Tysoe Manor And Attached Wall
- WRENN ID
- keen-vault-heath
- Grade
- II*
- Local Planning Authority
- Stratford-on-Avon
- Country
- England
- Type
- House
- Source
- Historic England listing
Description
Tysoe Manor is a house, originally a late 14th-century hall range, that has been altered and extended in the 17th and 20th centuries. The main part of the house is constructed from squared, coursed ironstone with a stone slate roof and stone ridge and end stacks, with diagonally set flues. The original hall range is two storeys high plus an attic, with a two-window front. A restored four-centred arch, flanked by spandrels and with a hood mould and label stops, frames a wrought iron and glazed door on the right side. To the left is a restored five-light stone mullioned window, also with a hood mould and label stops, and above it, a similar four-light window. A two-light window with reticulated tracery, set within a double chamfered surround and with a hood mould and label stop, is situated centrally on the first floor, possibly a repositioned 14th-century feature. A stone projection to the rear may have served as a lateral stack or stair turret. Other external features include quoins, stone coped gables (with a ball finial on the right gable's apex), and a small room with a lead rainwater head dated 1678.
An adjoining hall range to the right was built in the late 17th century, also two storeys high plus an attic, and has a two-window front.
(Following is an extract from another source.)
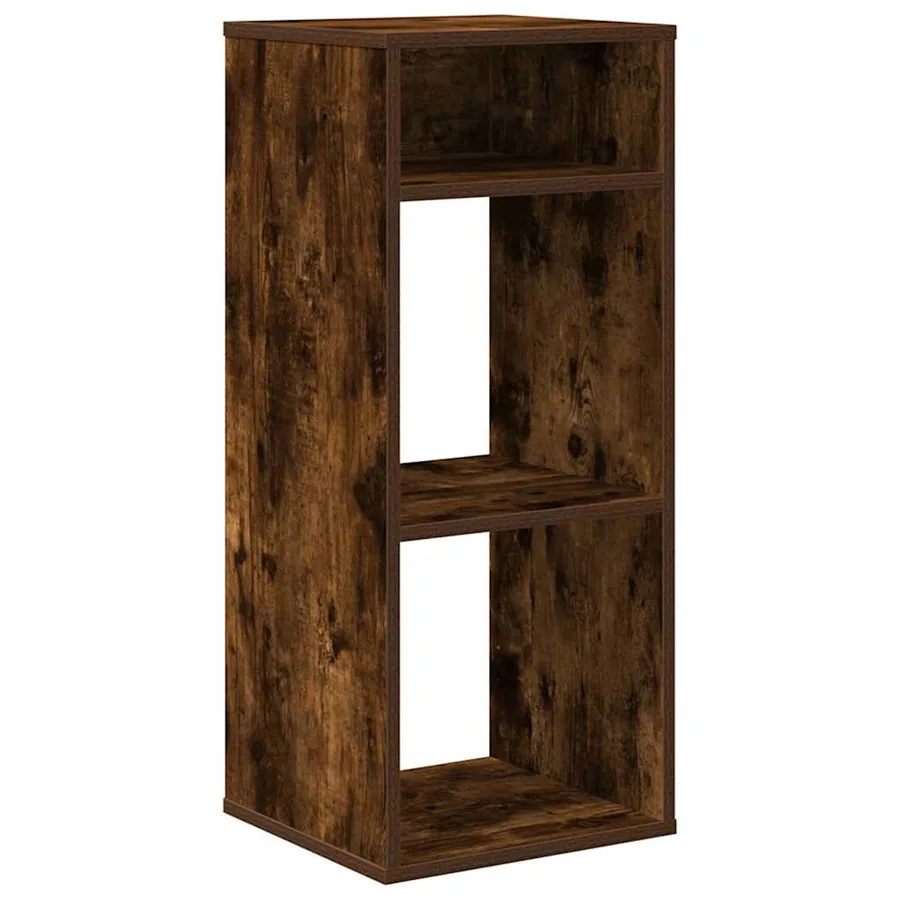 Bibliothèque chêne fumé 34x31x80 cm bois d'ingénierie - 2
It features a four-light mullioned window on the ground floor and a two-light mullioned window with ovolo moulding on the first floor. Above this is a three-light mullioned window. All windows have hood moulds and label stops. Two gabled dormers are present, each with a two-light mullioned window. The right-hand gables are coped, and a rainwater head on the gable end is dated 1710. Further to the right is a two-storey range, with a plank door within a moulded surround, a three-light mullioned window to the right, and a single-light window to the left of the first floor. A large 20th-century range extends to the rear.
A late 18th-century ironstone wall, approximately 10 metres long and running forward from the front of the house, is topped with three courses of coping and quoins to the ends.
The interior of the original hall range contains a late 14th-century roof with moulded arch-braced collar trusses, curved wind braces, and four bays. On the first floor are chamfered stone pointed-arch doorways, believed to be original, and stone flagged floors. The 17th-century range features chamfered spine beams.